IRS Payment Processing Glitch: What It Means for Your Practice and Your Blood Pressure
The short version: The IRS admits it is running late logging some electronic tax payments. As a result, perfectly compliant taxpayers are getting CP14 “balance-due” letters that claim they never paid. The agency says penalties and interest will be wiped away once the payments post, but you need to keep your cool and your proof of payment, until the electronic dust settles.
What exactly broke?
On June 12, the IRS issued a public statement acknowledging “a delay in processing some electronic payments.” Payments left your bank, but they are sitting in limbo inside the IRS mainframe. A notice may have been generated before the payment hit your account or the payment landed with data errors that need manual fixing.
Real-world fallout
Taxpayers from South Dakota to Chicago have opened their mailboxes to find fresh bills for taxes they already paid. One couple told CBS News the experience triggered a near panic attack—and a two-hour phone hold that ended with a dial-tone goodbye. cbsnews.com
Who is most likely to see a bogus notice?

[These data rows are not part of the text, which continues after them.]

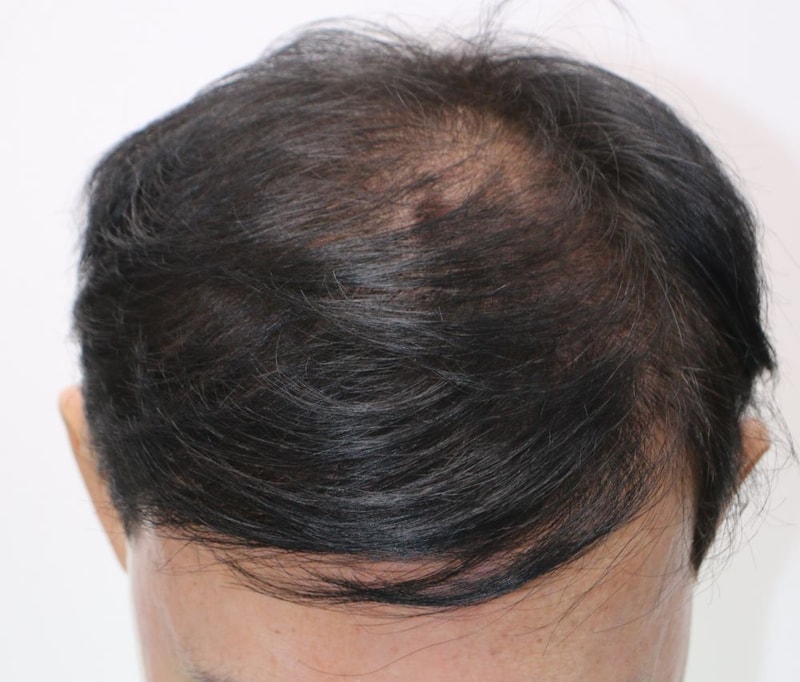 因对7年前手术不满意，在大邱FORHAIR进行了再手术。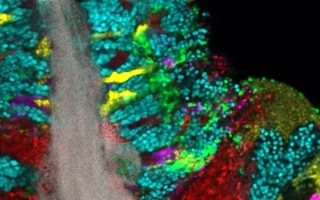 Bacterial biofilm scraped from the surface of the tongue and imaged using CLASI-FISH. Credit: Steven Wilbert and Gary Borisy, The Forsyth Institute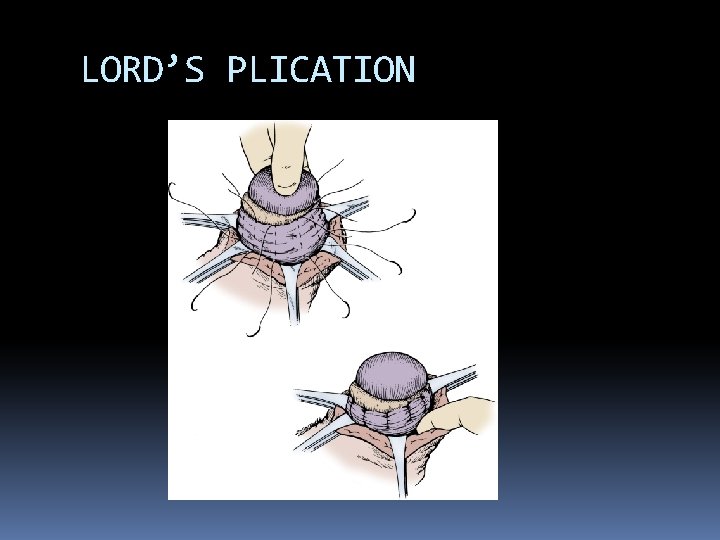 LORD’S PLICATION 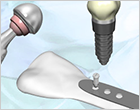 Evaluation of Medical Equipment/Implant Materials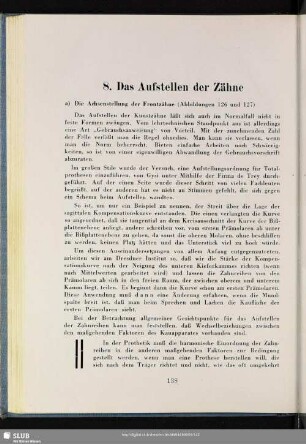 8. Das Aufstellen der Zähne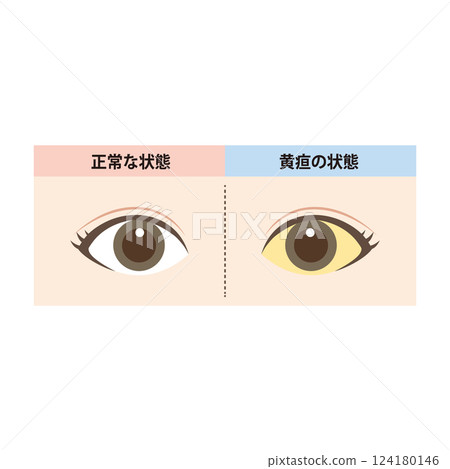 正常眼睛與眼白黃疸眼睛的比較圖 正常眼睛與眼白黃疸眼睛的比較圖 124180146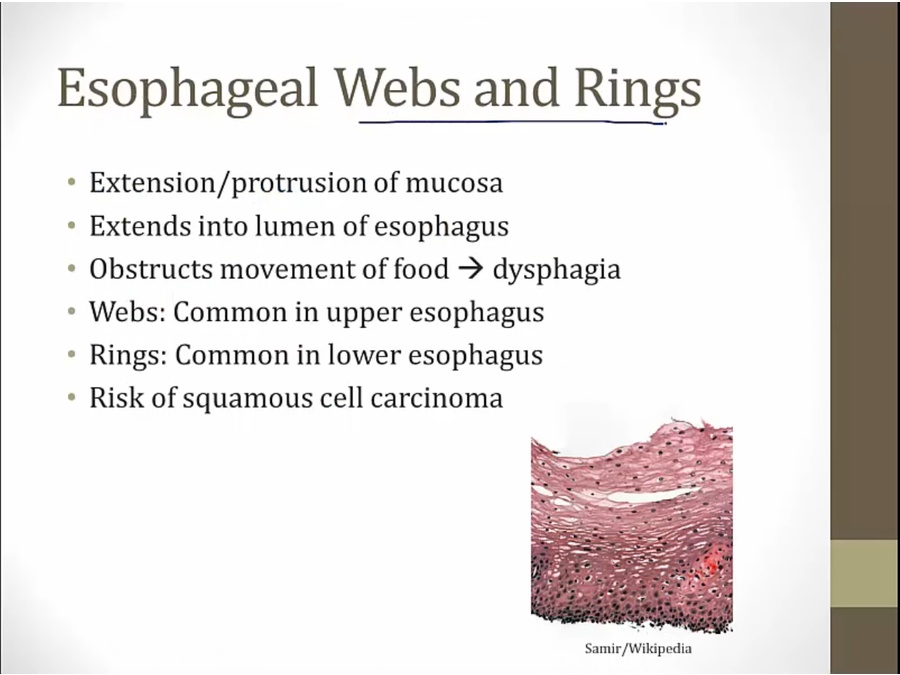 13 Esophageal Disorders My Wiki 13-esophageal-disorders-my-wiki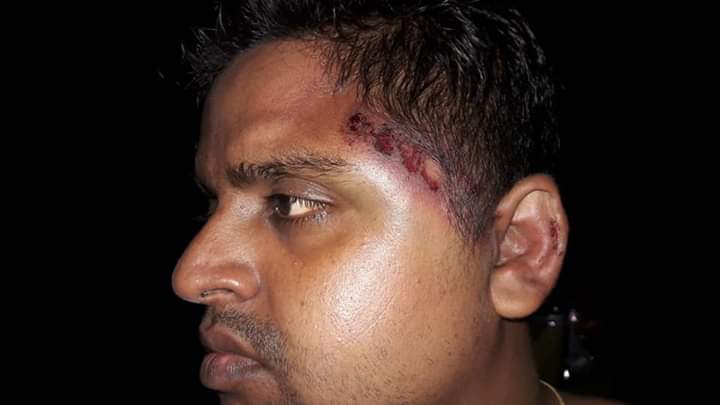 dhbarbhuiya1's tweet image. I strongly condemn the Inhuman attack on @DY365 Reporter, Hailakandi Mr. #Rajesh_Das.Strong demand to the @HailakandiPolic  &amp;amp;  @dc_hailakandi Administration to Immediately arresting the miscreants and give exemplary punishment.. @CMOfficeAssam @assampolice @news18assam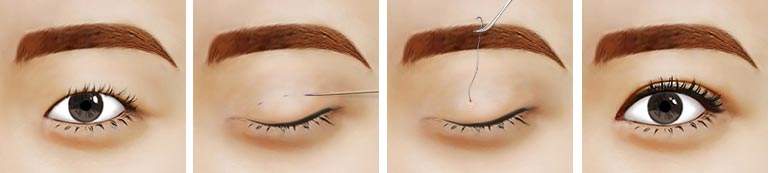 2023年天津公立醫(yī)院雙眼皮手術(shù)排名及網(wǎng)友好評(píng)！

- Anyone who used Direct Pay or EFTPS on or near the April 15 deadline.
- Married-filing-joint taxpayers when the second spouse made the payment through an IRS Online Account (the system has a history of dropping these payments).

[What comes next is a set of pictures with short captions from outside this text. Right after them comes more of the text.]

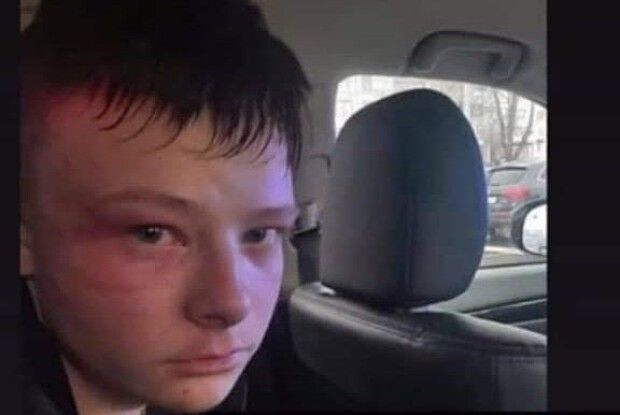 Відоме ім'я 16-річного лучанина, який на переході збив 5 людей (Фото)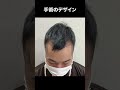 【閲覧注意】深刻なM字ハゲが植毛で大改善 #shorts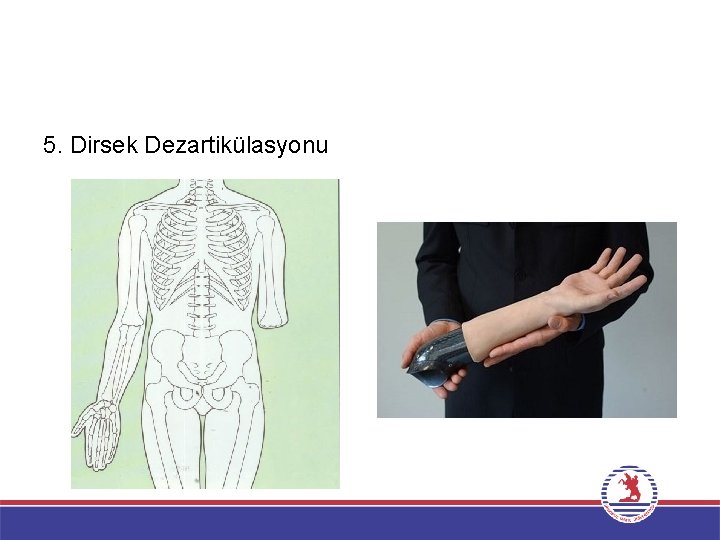 5. Dirsek Dezartikülasyonu 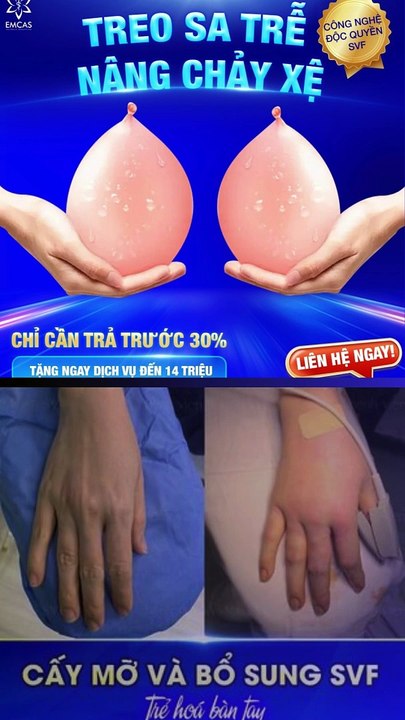 Lời Đồn Bệnh Viện EMCAS Gây Chết Người Và Thực Hư Câu Chuyện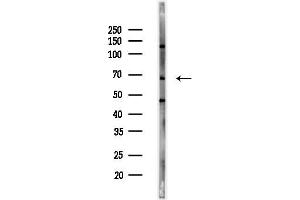 anti-Interleukin 1 Receptor Accessory Protein-Like 1 (IL1RAPL1) (N-Term) antibody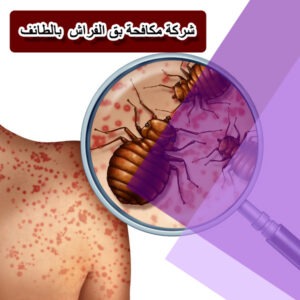 شركة مكافحة بق الفراش بالطائف شركة مكافحة حشرات شركة مكافحة صراصير بالطائف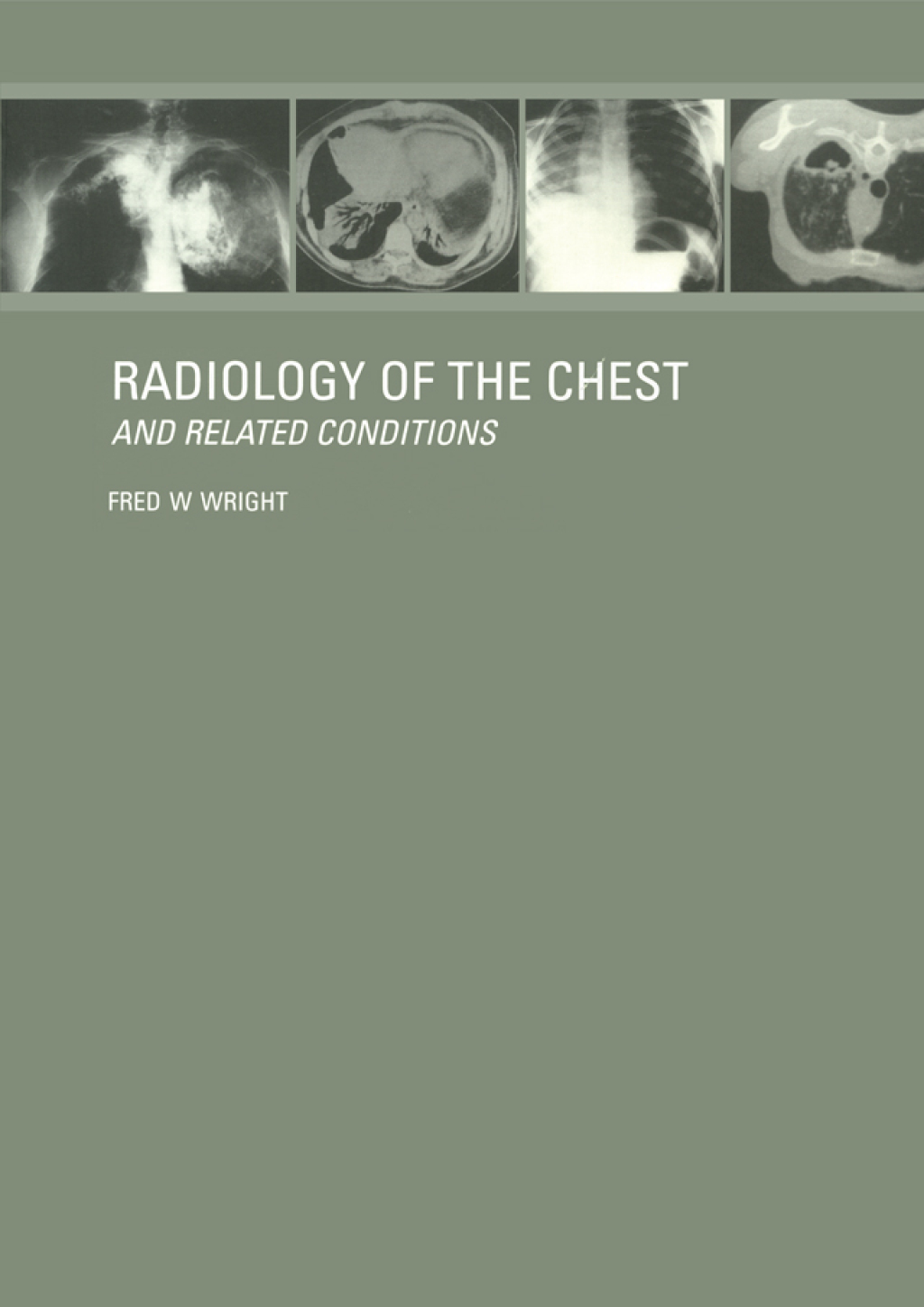 Radiology of the Chest and Related Conditions 1st Edition â€“ PDF/EPUB Version Downloadable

- Trusts that recently received CP161 notices for missing estimated taxes. The IRS called this last one a “programmer error.”
What the IRS wants you to do
- Do not pay again. Check your online account first.
- Monitor your account until July 15. If the payment still has not posted ten days before your CP14 response deadline, call the number on the notice.
- Skip the phone queue until then; the IRS says no call is needed unless the payment remains missing after mid-July.
Smart moves for practice owners
- Screenshot everything. Save the confirmation number from Direct Pay, your bank statement showing the debit, and the CP14 itself.
- Set a calendar reminder for July 5 to check your IRS account again.
- Keep cash handy. If the payment never posts, you may need to re-pay to stop interest from compounding.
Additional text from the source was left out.